**Problem requirements:**
From the line with "For over 60" down to the final line of the material, please transcribe everything exactly, but leave the pictures out.

**Material provided:**
*** Begin section ***
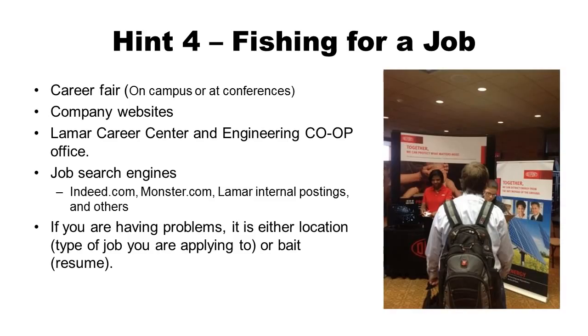Searching for a job is very similar to fishing. Where can you look? Career fairs are a very good location, either on campus or at a conference. You can go directly to company websites, to the Lamar Career Center or the engineering co-op office, or to job search engines such as Indeed and Monster. Lamar University also has postings on an internal job search engine. If you're having problems with your job search, it's either the location, the type of job you're applying to, or the bait — which is your resume.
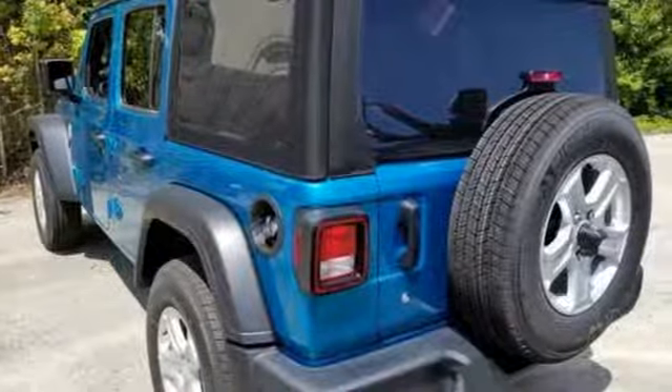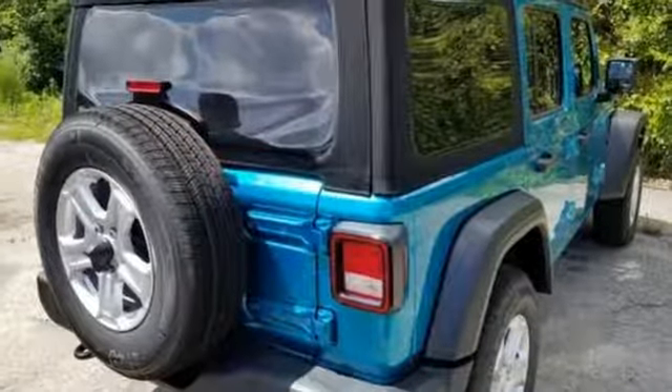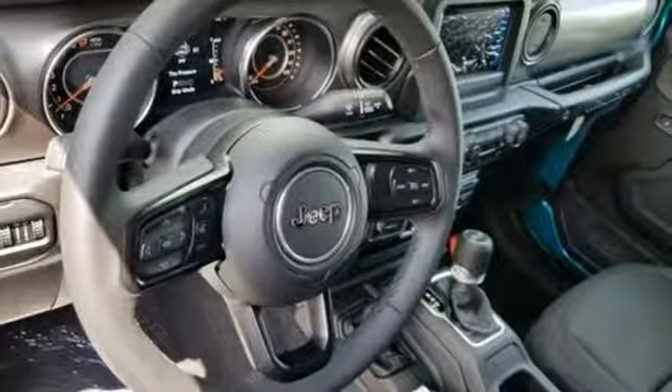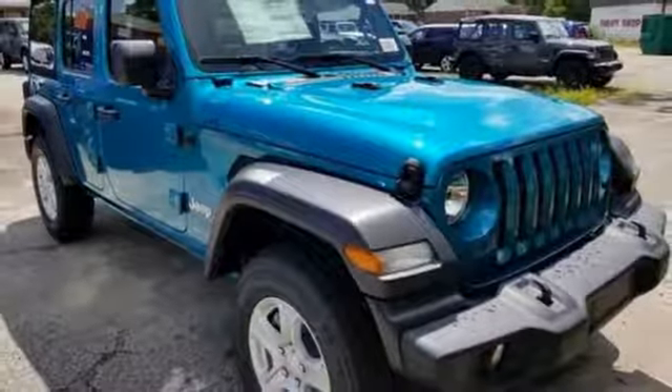V6 engine, leather steering wheel, streaming audio, manual tilting steering column, wireless phone connectivity, external memory control, aluminum wheels, push-button start, and power heated mirrors. Hurry in today for a test drive.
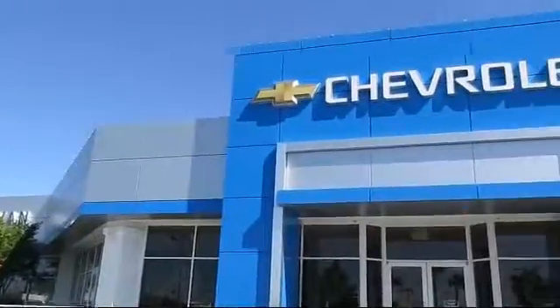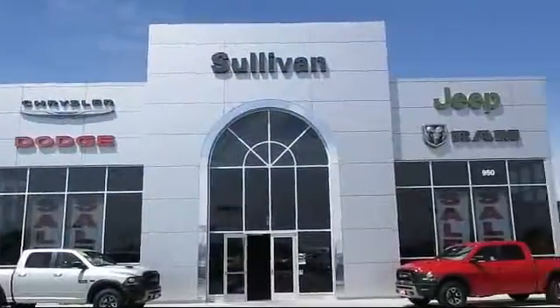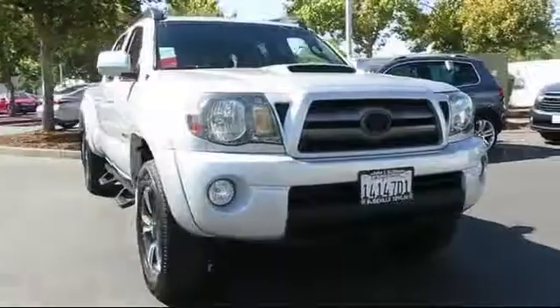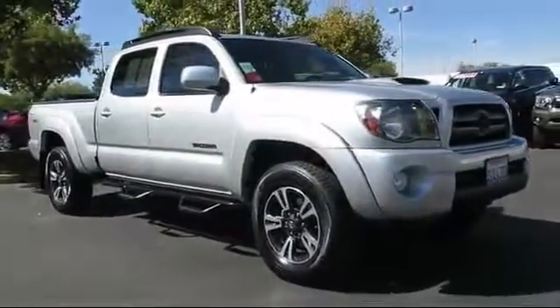For over 60 years, the Sullivan Automotive Group has been serving Northern California's automotive needs. Here's a look at one of our quality pre-owned vehicles from our massive inventory of over a thousand vehicles, and it comes equipped with a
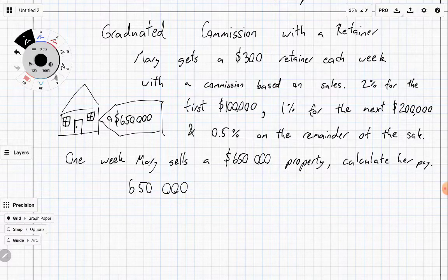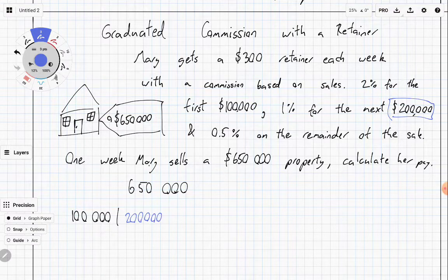The first section is $100,000. The next part is based on the next $200,000. Then there's the remainder — if you started with $650,000 and take off $100,000, then take off $200,000, you're left with $350,000 as the remainder. So we've got three different sections where we've split this one sale price into three parts.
*** End section ***
**Task solution:**
For over 60 years, the Sullivan Automotive Group has been serving Northern California's automotive needs. Here's a look at one of our quality pre-owned vehicles from our massive inventory of over a thousand vehicles, and it comes equipped with a
The first section is $100,000. The next part is based on the next $200,000. Then there's the remainder — if you started with $650,000 and take off $100,000, then take off $200,000, you're left with $350,000 as the remainder. So we've got three different sections where we've split this one sale price into three parts.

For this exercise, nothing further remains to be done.